ABOUT THIS TASK
Could you reproduce, exactly and alone, the lines running from the one with "this 1225×980 image." to the end of the data below?

(Images for object localization)
<<<<

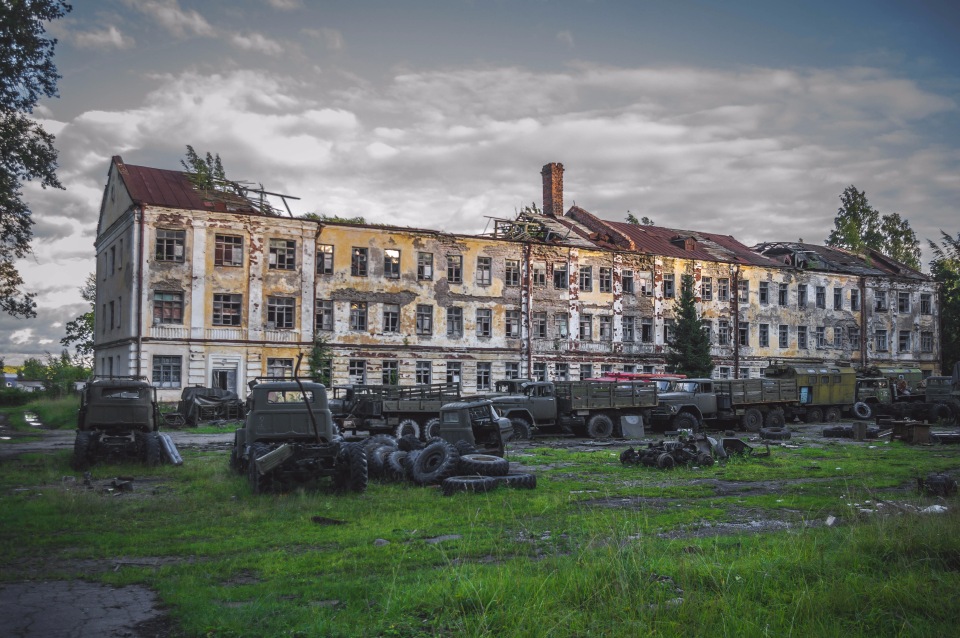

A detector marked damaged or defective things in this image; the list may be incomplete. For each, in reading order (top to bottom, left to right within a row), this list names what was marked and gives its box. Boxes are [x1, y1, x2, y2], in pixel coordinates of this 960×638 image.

rusty metal roof [114, 157, 260, 215]
broken window [153, 294, 183, 328]
broken window [155, 230, 185, 262]
broken window [213, 294, 242, 328]
broken window [215, 235, 242, 268]
broken window [270, 239, 296, 272]
broken window [316, 302, 334, 332]
broken window [318, 245, 334, 276]
broken window [348, 302, 368, 332]
broken window [352, 248, 368, 278]
broken window [380, 304, 400, 336]
broken window [384, 250, 400, 280]
broken window [416, 254, 432, 282]
broken window [414, 306, 434, 338]
broken window [448, 256, 464, 284]
broken window [448, 308, 464, 338]
broken window [476, 256, 492, 286]
broken window [476, 310, 492, 340]
broken window [532, 314, 548, 342]
broken window [552, 262, 568, 290]
broken window [576, 266, 592, 294]
broken window [576, 316, 592, 342]
broken window [596, 266, 612, 294]
broken window [596, 316, 612, 342]
broken window [664, 276, 680, 300]
broken window [696, 278, 712, 302]
broken window [716, 278, 732, 302]
broken window [872, 330, 888, 356]
broken window [896, 292, 912, 316]
broken window [896, 332, 912, 352]
broken window [151, 356, 181, 390]
broken window [266, 358, 292, 378]
broken window [348, 360, 368, 384]
broken window [380, 360, 400, 384]
broken window [446, 364, 462, 384]
broken window [476, 364, 492, 390]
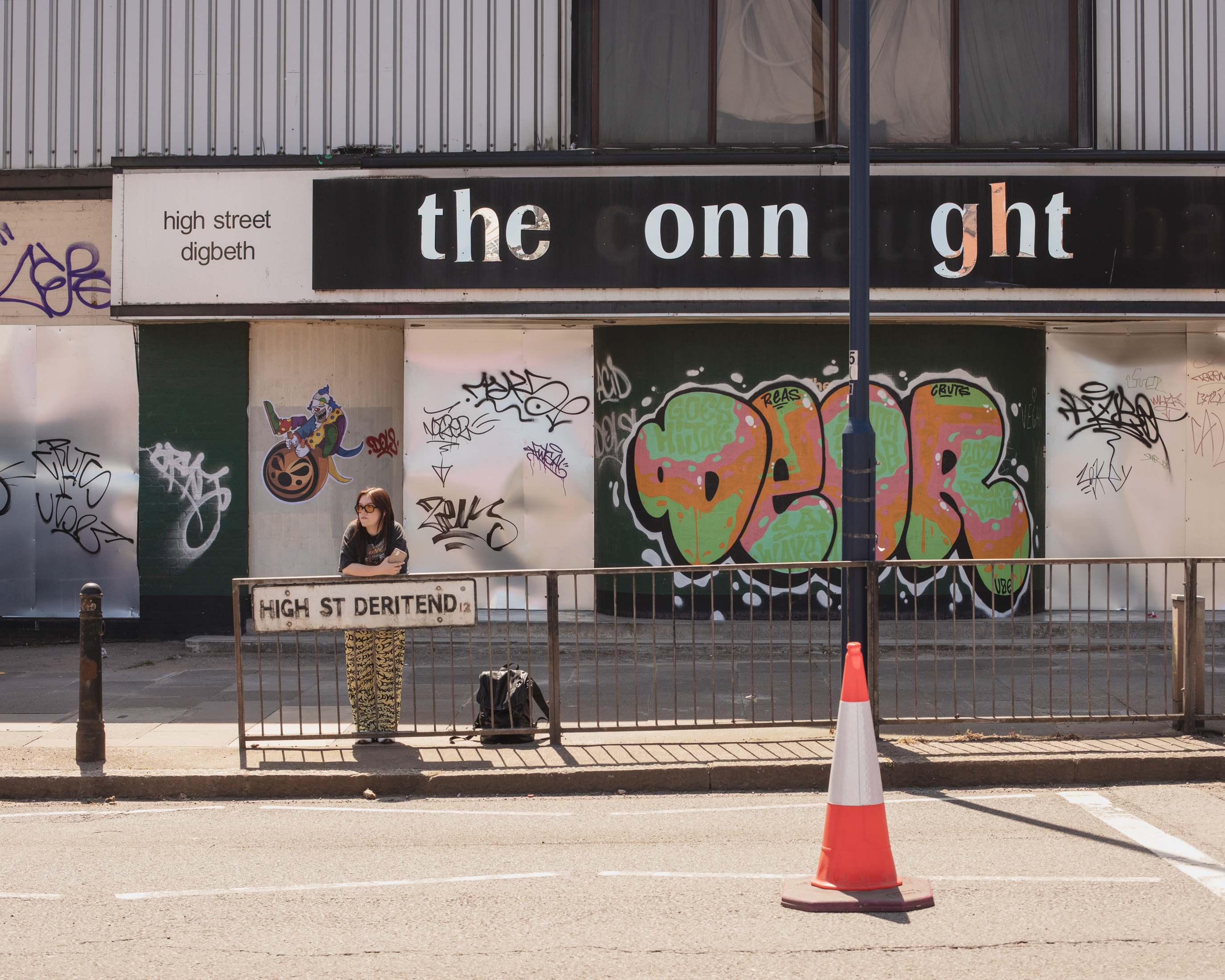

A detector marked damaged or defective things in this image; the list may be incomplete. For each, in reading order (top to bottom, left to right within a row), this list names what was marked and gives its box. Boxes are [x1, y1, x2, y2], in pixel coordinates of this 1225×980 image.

rusty bollard [75, 583, 105, 764]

>>>>

TASK SOLUTION
A detector marked damaged or defective things in this image; the list may be incomplete. For each, in reading order (top to bottom, left to right within a row), this list names what was marked and gives its box. Boxes are [x1, y1, x2, y2], in pixel coordinates of this 1225×980 image.

rusty bollard [75, 583, 105, 764]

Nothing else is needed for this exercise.